_Task to complete_
Images are to be excluded from the copy, and the records below reproduced word for word.

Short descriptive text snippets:
Content starts
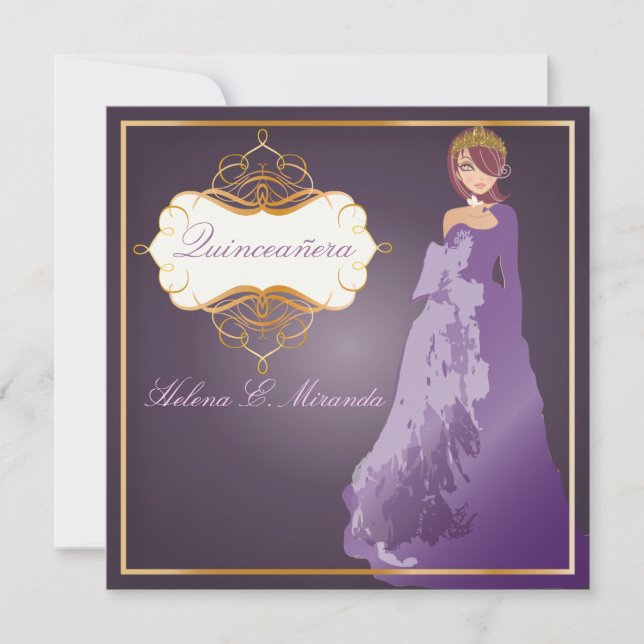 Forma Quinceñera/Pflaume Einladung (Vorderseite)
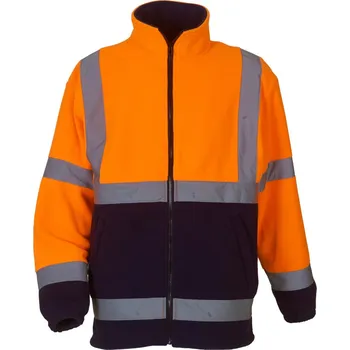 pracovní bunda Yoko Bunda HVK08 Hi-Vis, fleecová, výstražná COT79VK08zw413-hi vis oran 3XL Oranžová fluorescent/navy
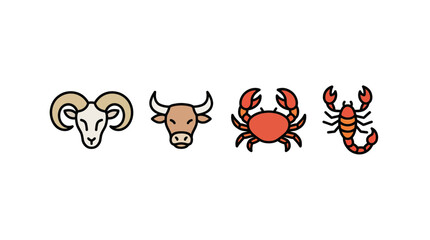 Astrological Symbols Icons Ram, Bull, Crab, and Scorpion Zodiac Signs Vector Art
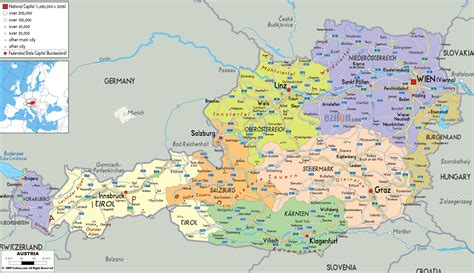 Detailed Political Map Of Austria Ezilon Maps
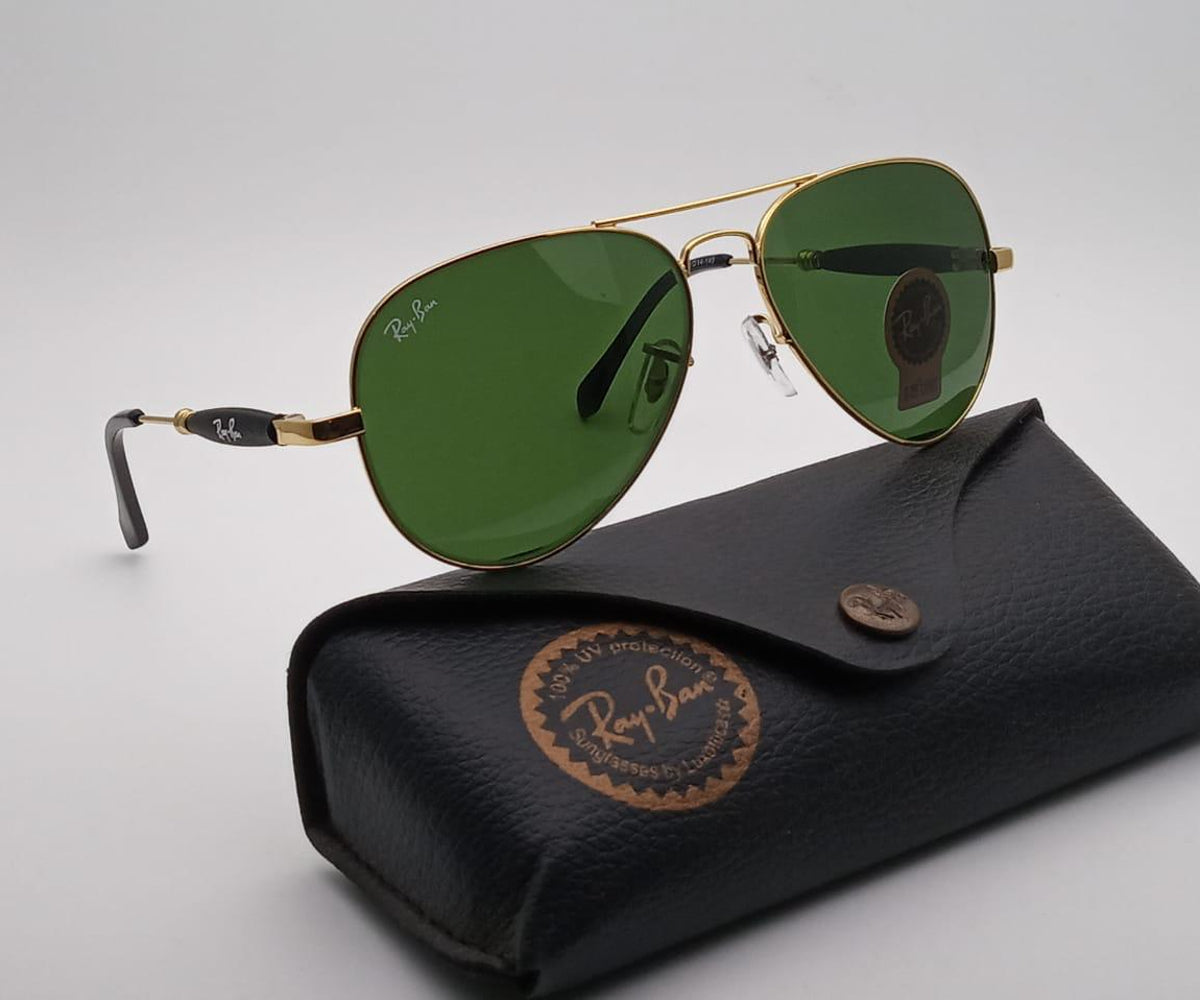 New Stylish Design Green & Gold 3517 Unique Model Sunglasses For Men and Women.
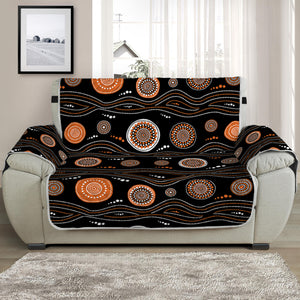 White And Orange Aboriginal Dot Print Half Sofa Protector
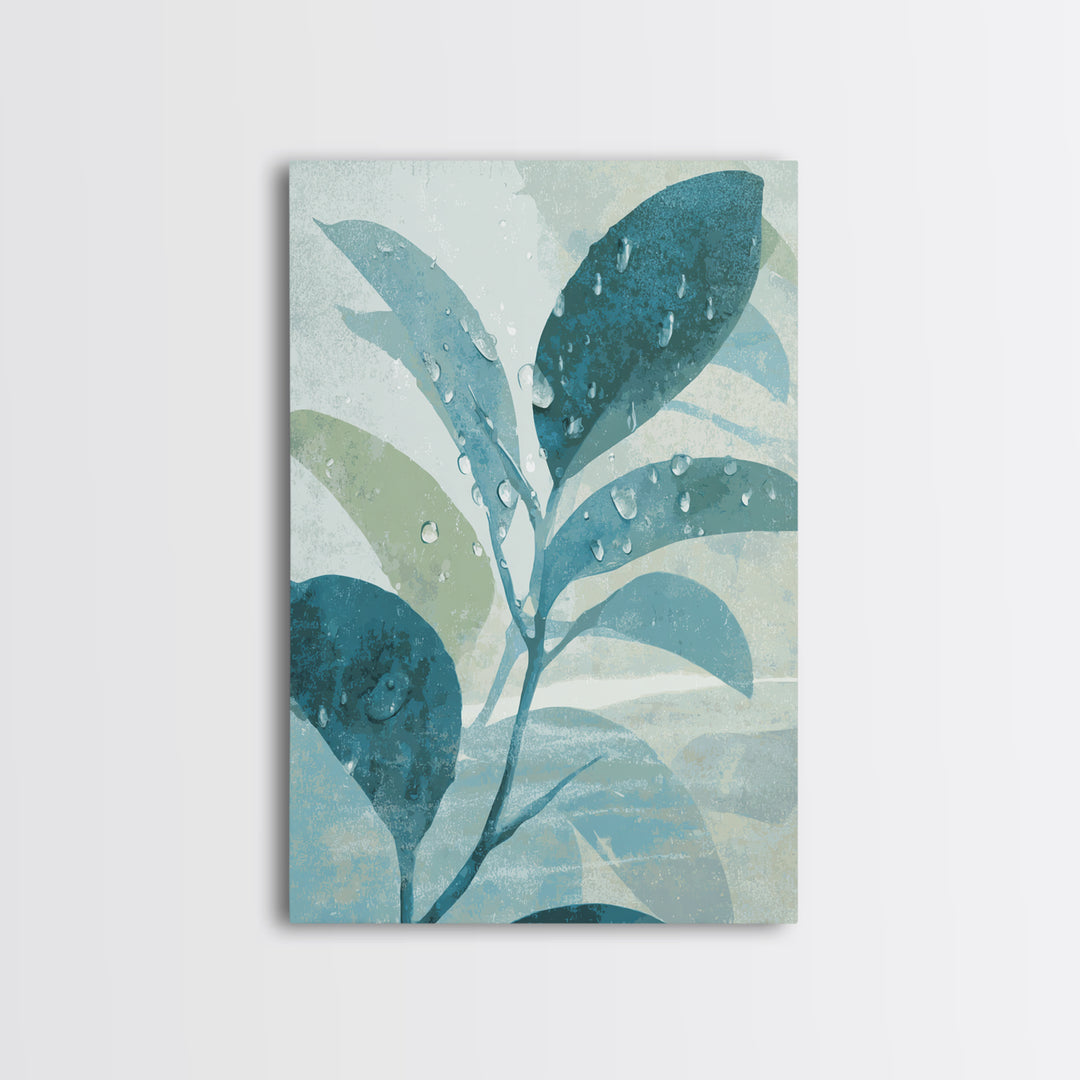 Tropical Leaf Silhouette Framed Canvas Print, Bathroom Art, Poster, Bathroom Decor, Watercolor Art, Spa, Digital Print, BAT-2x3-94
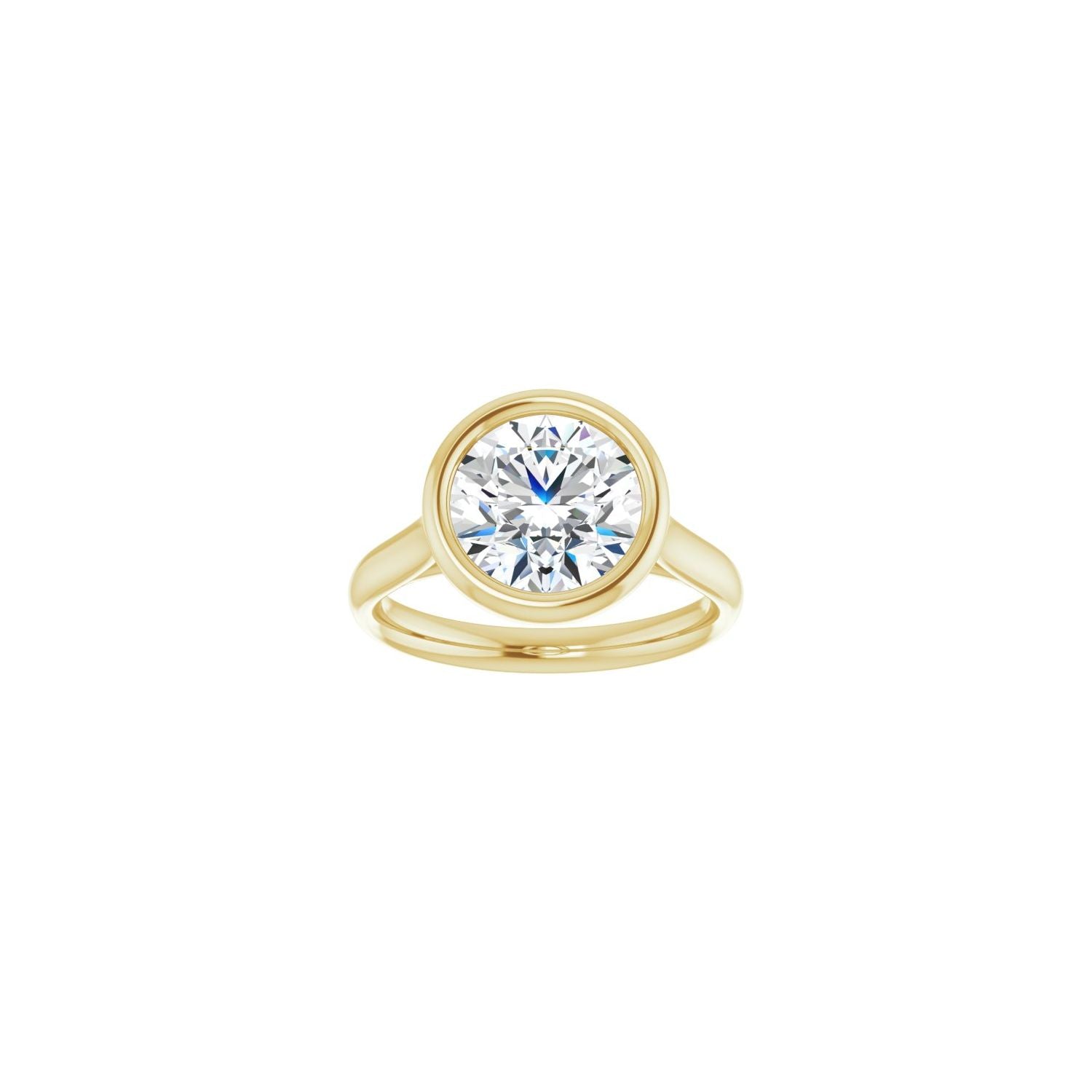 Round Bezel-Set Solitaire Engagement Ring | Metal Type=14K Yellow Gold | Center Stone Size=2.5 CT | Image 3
Content ends
_Result for this exercise_
 Forma Quinceñera/Pflaume Einladung (Vorderseite)
 pracovní bunda Yoko Bunda HVK08 Hi-Vis, fleecová, výstražná COT79VK08zw413-hi vis oran 3XL Oranžová fluorescent/navy
 Astrological Symbols Icons Ram, Bull, Crab, and Scorpion Zodiac Signs Vector Art
 Detailed Political Map Of Austria Ezilon Maps
 New Stylish Design Green & Gold 3517 Unique Model Sunglasses For Men and Women.
 White And Orange Aboriginal Dot Print Half Sofa Protector
 Tropical Leaf Silhouette Framed Canvas Print, Bathroom Art, Poster, Bathroom Decor, Watercolor Art, Spa, Digital Print, BAT-2x3-94
 Round Bezel-Set Solitaire Engagement Ring | Metal Type=14K Yellow Gold | Center Stone Size=2.5 CT | Image 3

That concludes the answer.